Safety and Stability Leads to Success
When Gecora and her family moved from Chicago to Minnesota, she was excited to start somewhere new. After her father’s growing struggles with addiction led Gecora’s family to homelessness, the excitement she felt turned to disappointment and fear. “I had no idea what was going to happen to us,” she said. Gecora, who was trying to finish high school and get to college, did what she could to help. But a part-time job wasn’t enough. “A lot of the money I earned, my father used to buy his drugs,” she said.
Gecora knew that the longer she stayed in an unsafe, unhealthy environment, the more she was jeopardizing any chance to succeed. She made the decision to leave her family and try to make it on her own. “I was scared, but anything else had to be better than where I was,” she said.
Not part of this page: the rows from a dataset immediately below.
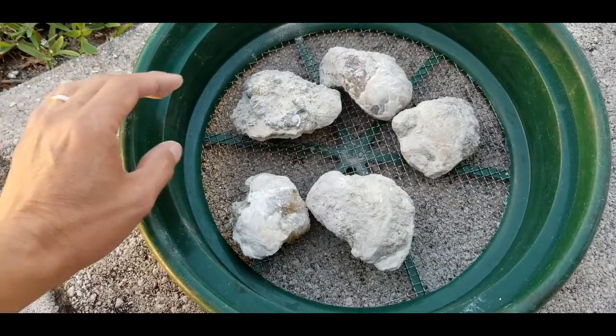Hey everybody, Anthony here. Today I'm going to show you how to clean and trim these beautiful golden calcite crystals that grow in these fossilized clams down in central and south Florida. They can look really gemmy and sparkly when they're done right. They're about 1.5 to 2 million years old. Let's get started.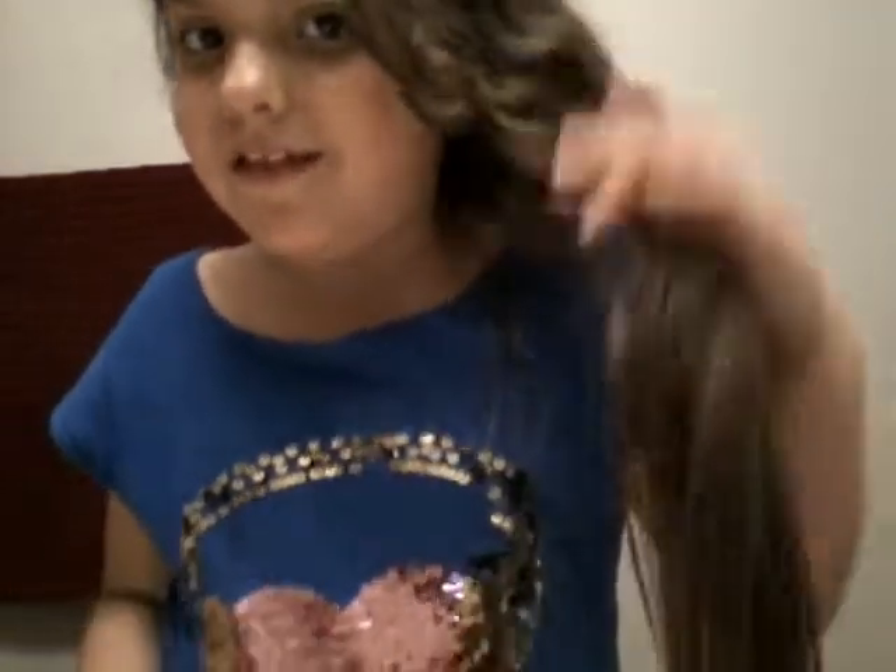I have curly hair. Something funny about my hair — I actually have curly, wavy hair on top, and then it's just plain straight down below. It's really weird. I didn't know about it until my mom told my aunt, who's staying here for a while. I wanted my hair straight, and I was brushing it and brushing it, and it didn't get straight.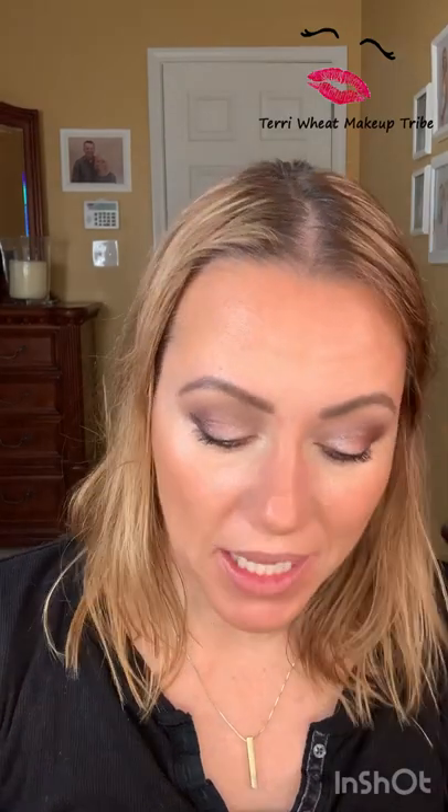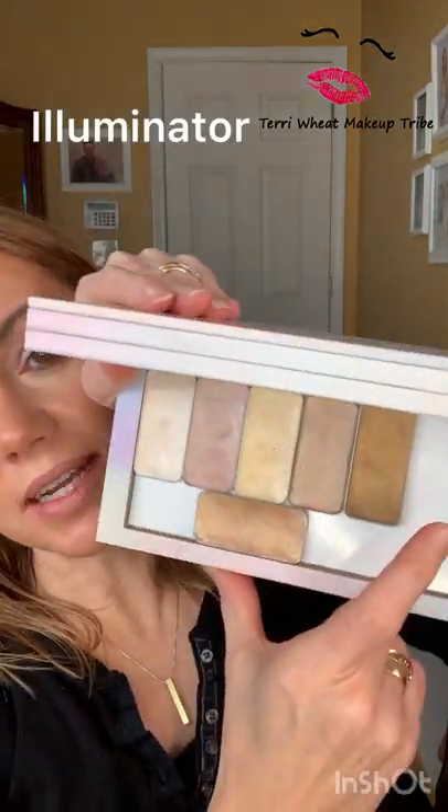We're going to do two things that are going to finish off and polish and be like the cherry on top of our 3D makeup. First, I'm going to put an illuminator. I have all kinds of pretty ones. These are our cream ones, and then we have powder ones too, which are a little stronger.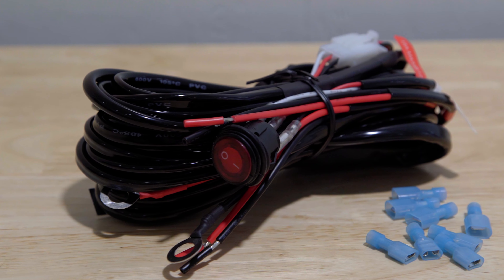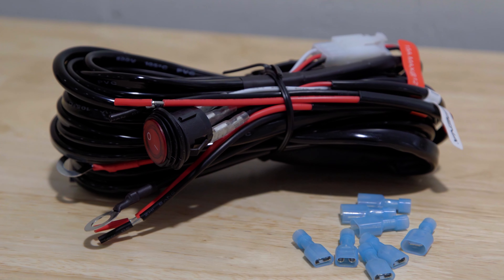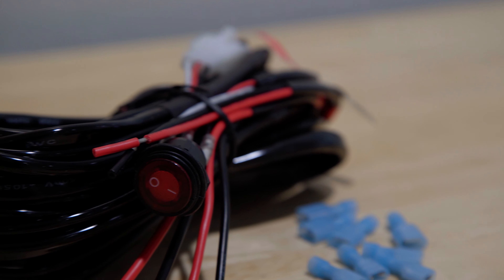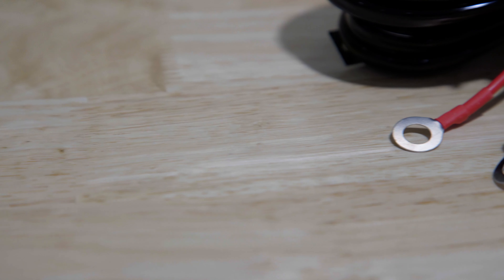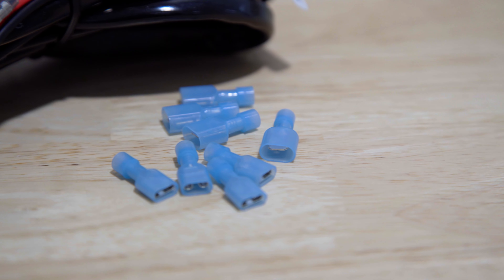The Install Kit Plus from Alpina brings plug and play versatility to make installations even easier. The wiring harness features an inline fuse and 20 amp relay coupled with an illuminated on and off rocker switch. Install Kit Plus keeps things organized for your DIY lighting project.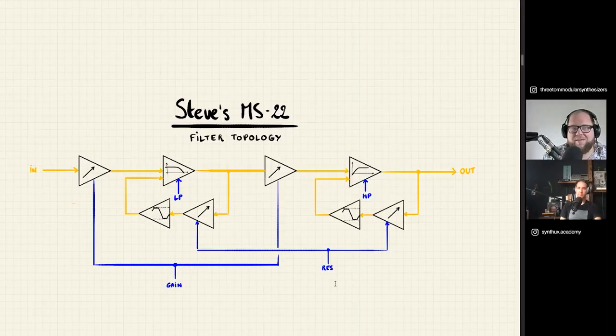Similarly, the resonance of both filters is controlled by the same CV source. Notably, the order of filters is reversed compared to the original MS-20 — low pass first, then high pass. Tom didn't actually know about the MS-20 when he started designing. Looking back, he thinks it's better this way because it's different — he doesn't want to clone anything. With the high pass filter last, you can use its resonance peak to boost low frequencies for a fat bass voice, getting a clean bass boost if you keep the gain moderate.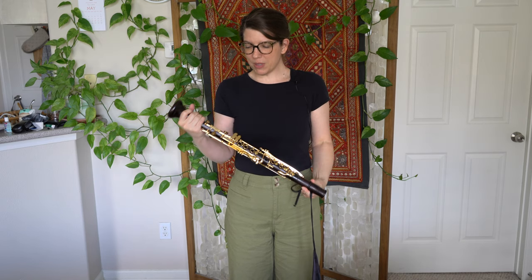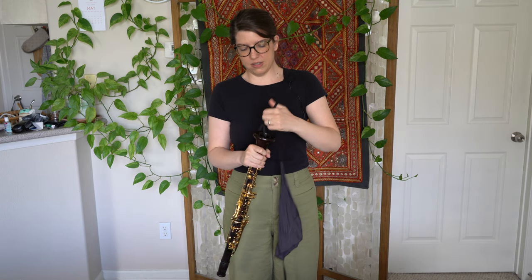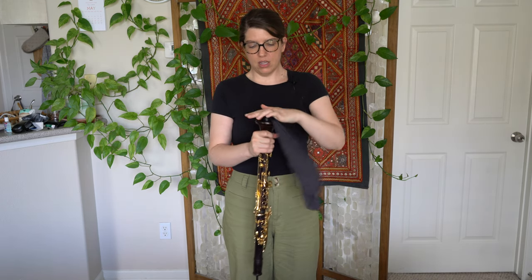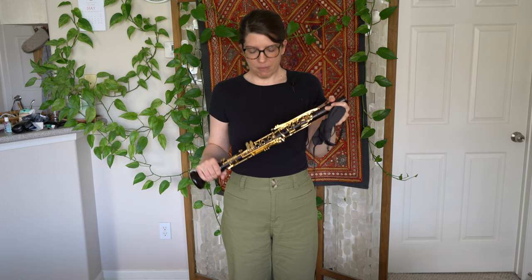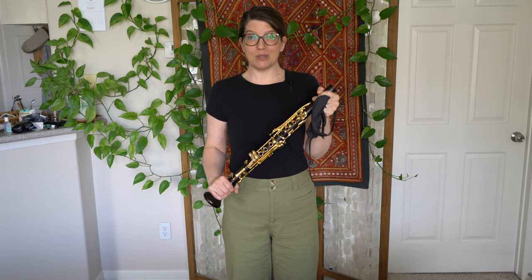Some people swab their instruments bell first, and there was also a point in time when I would swab my clarinet by taking it apart and swabbing each joint individually. Really, the most important thing about swabbing your instrument is that you do it after every time you play. Don't skip it — it's a really important part of maintaining your clarinet.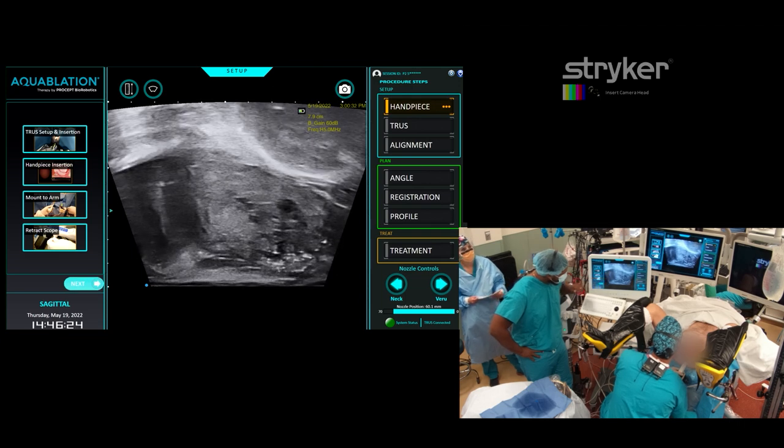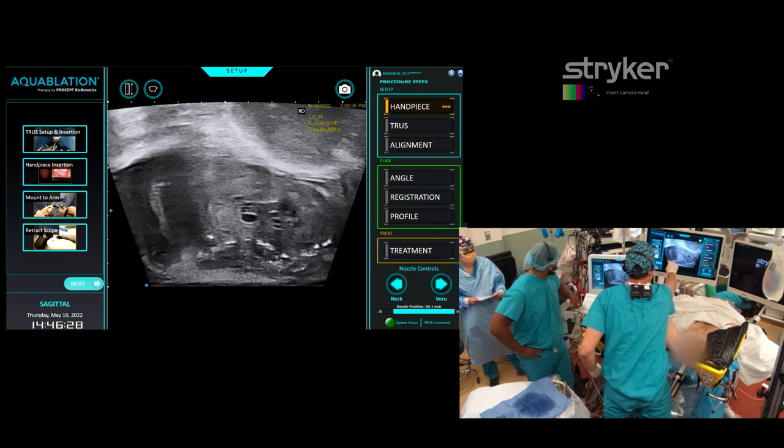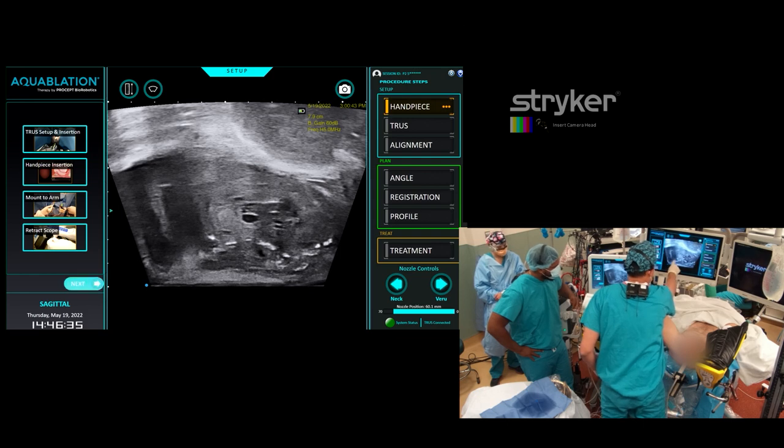It doesn't look that big, but you can see it right here. And there's a big median lobe here. Here's the bladder — that's all projecting into the bladder. Humongous. Bladder neck here.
After spending a few nights riding the bus and wandering Minneapolis’ streets alone, Gecora learned of LSS Safe House, an emergency shelter for youth ages 16 to 20-years-old. Last year, LSS metro housing programs for youth – Rezek House, LifeHaven, Safe House and the Transitional Living project – served 210 young people and their children.
“Our work is as unique as the kids we see come through our doors,” said Monica Jones, program coordinator for LSS Youth and Family Services. “They’ve each been through something different, but their need for safety and stability connects them. We make sure they know that what they’ve experienced isn’t their fault, that they are capable of turning their lives around, and that we will walk beside them every step of the way.”
When she moved into the family-style home on a quiet Saint Paul street, Gecora finally had the unconditional support and guaranteed safety she needed to get back on track in school. “School was a way to get away from the real world,” she said. “It was a place where I could find support from caring teachers and social workers and have fun with my friends – many of them didn’t even know I was homeless.”
Gecora stayed at Safe House for more than a month before she was approved for an apartment at LSS’ Rezek House, a two-year transitional housing program for youth experiencing homelessness. At first living alone was scary, but she adjusted well. She got a job and regained focus to excel in her classes. While LSS staff cheered her on, Gecora worked very hard and graduated high school with a 3.5 GPA. She is now looking forward to enrolling in college courses.
“Gecora and many other kids come to Rezek and Safe House because they don’t have anywhere else to go to find the security and safety necessary to their success,” said Monica Jones, program coordinator for LSS. “Here, kids know they are loved and safe and they don’t need to worry about finding their next meal. They are able to plan their futures.”